■ **Task requirements**
Using the listing below, print the line containing "Ivor Willams Horse box - Image 2", the line containing "深圳飞青岛，为啥非要往上海拐", and each line between them, exactly and nothing else. Pictures stay out of the print.

■ **Provided material**
----
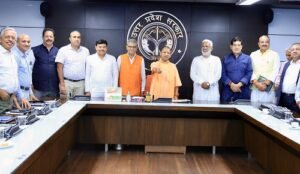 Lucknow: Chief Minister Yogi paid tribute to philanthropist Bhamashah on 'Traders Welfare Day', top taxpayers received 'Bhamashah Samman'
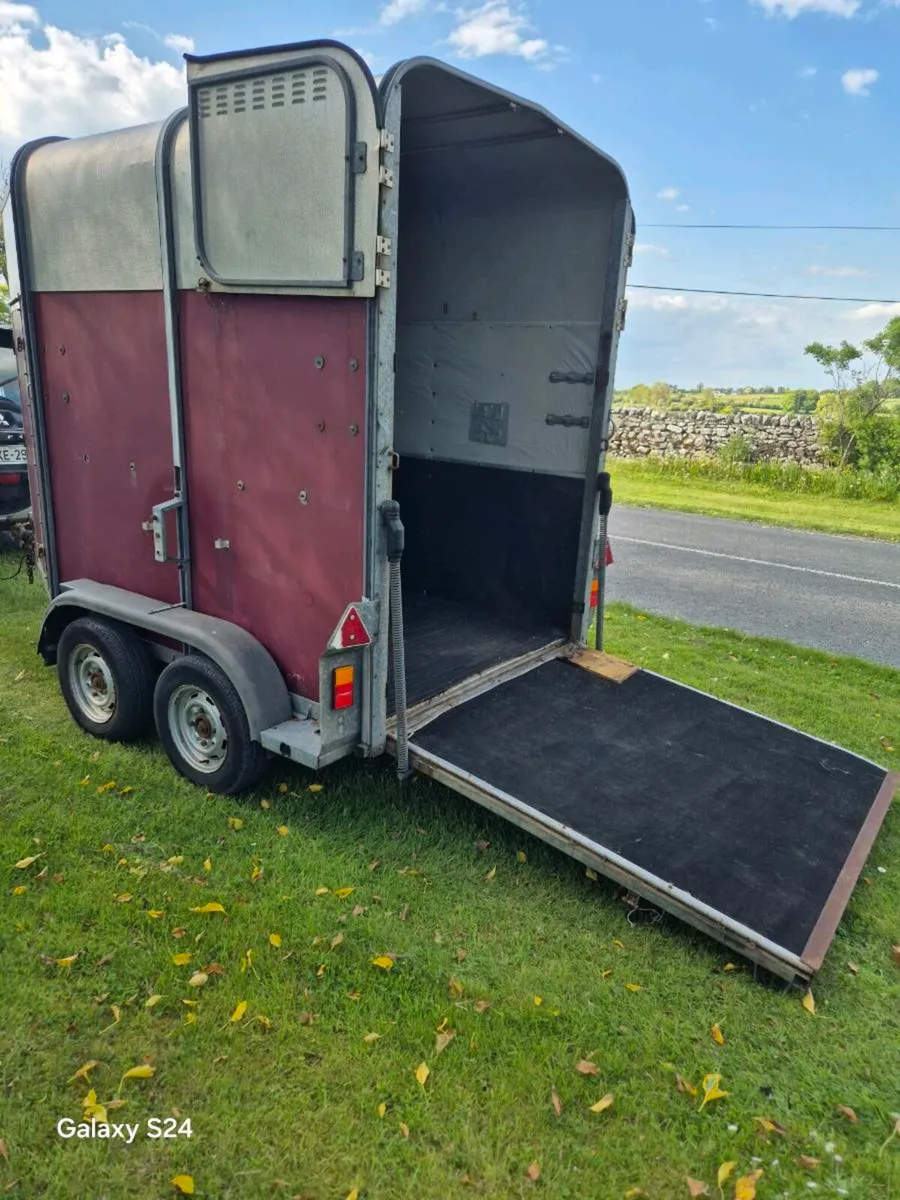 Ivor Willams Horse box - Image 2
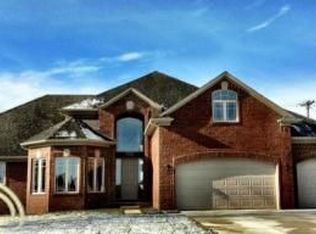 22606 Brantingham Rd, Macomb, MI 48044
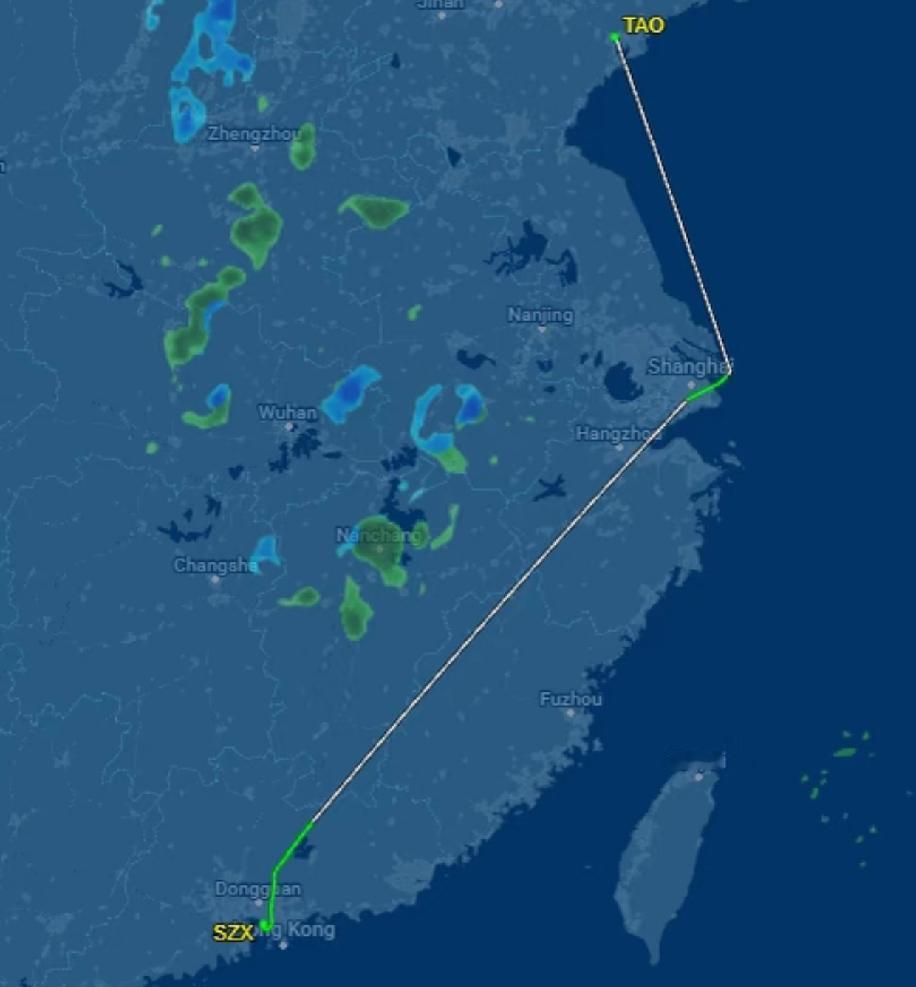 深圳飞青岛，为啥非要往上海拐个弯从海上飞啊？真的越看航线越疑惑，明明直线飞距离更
----
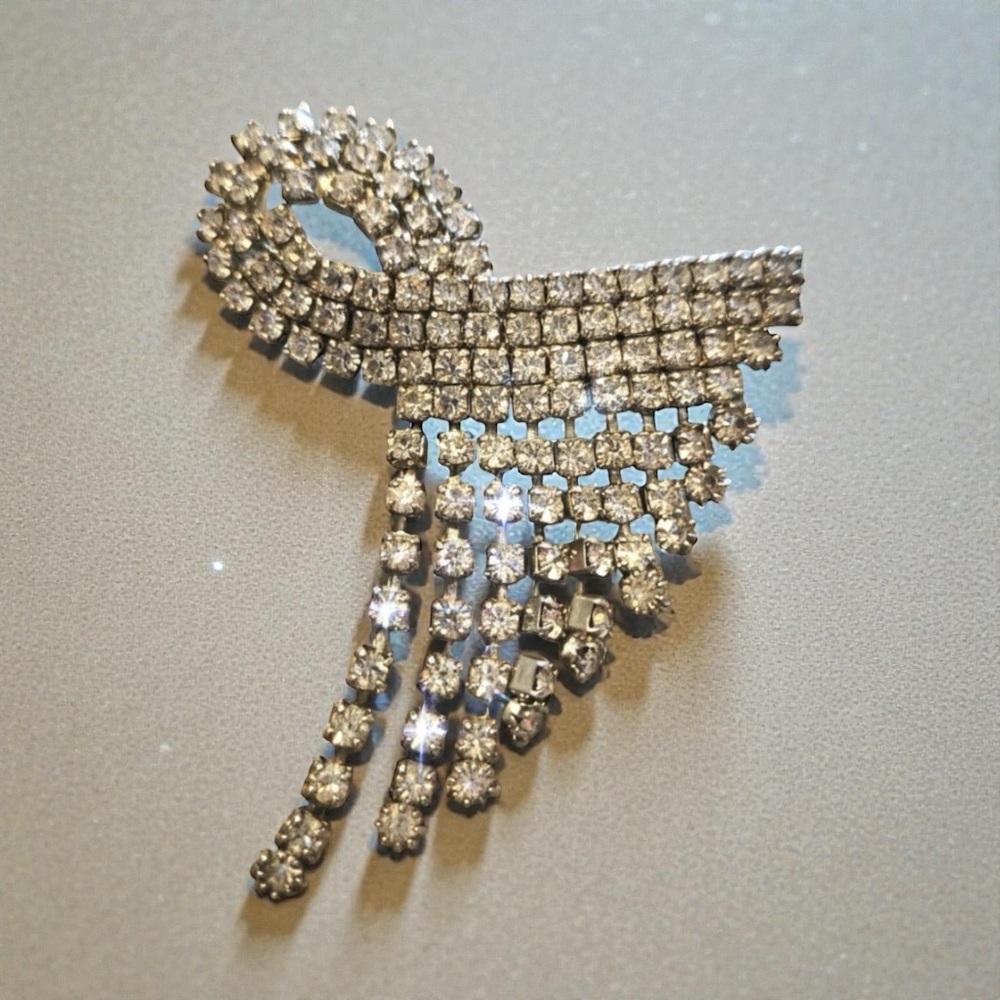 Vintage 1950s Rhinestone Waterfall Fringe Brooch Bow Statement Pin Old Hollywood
----
■ **Answer box**
 Ivor Willams Horse box - Image 2
 22606 Brantingham Rd, Macomb, MI 48044
 深圳飞青岛，为啥非要往上海拐个弯从海上飞啊？真的越看航线越疑惑，明明直线飞距离更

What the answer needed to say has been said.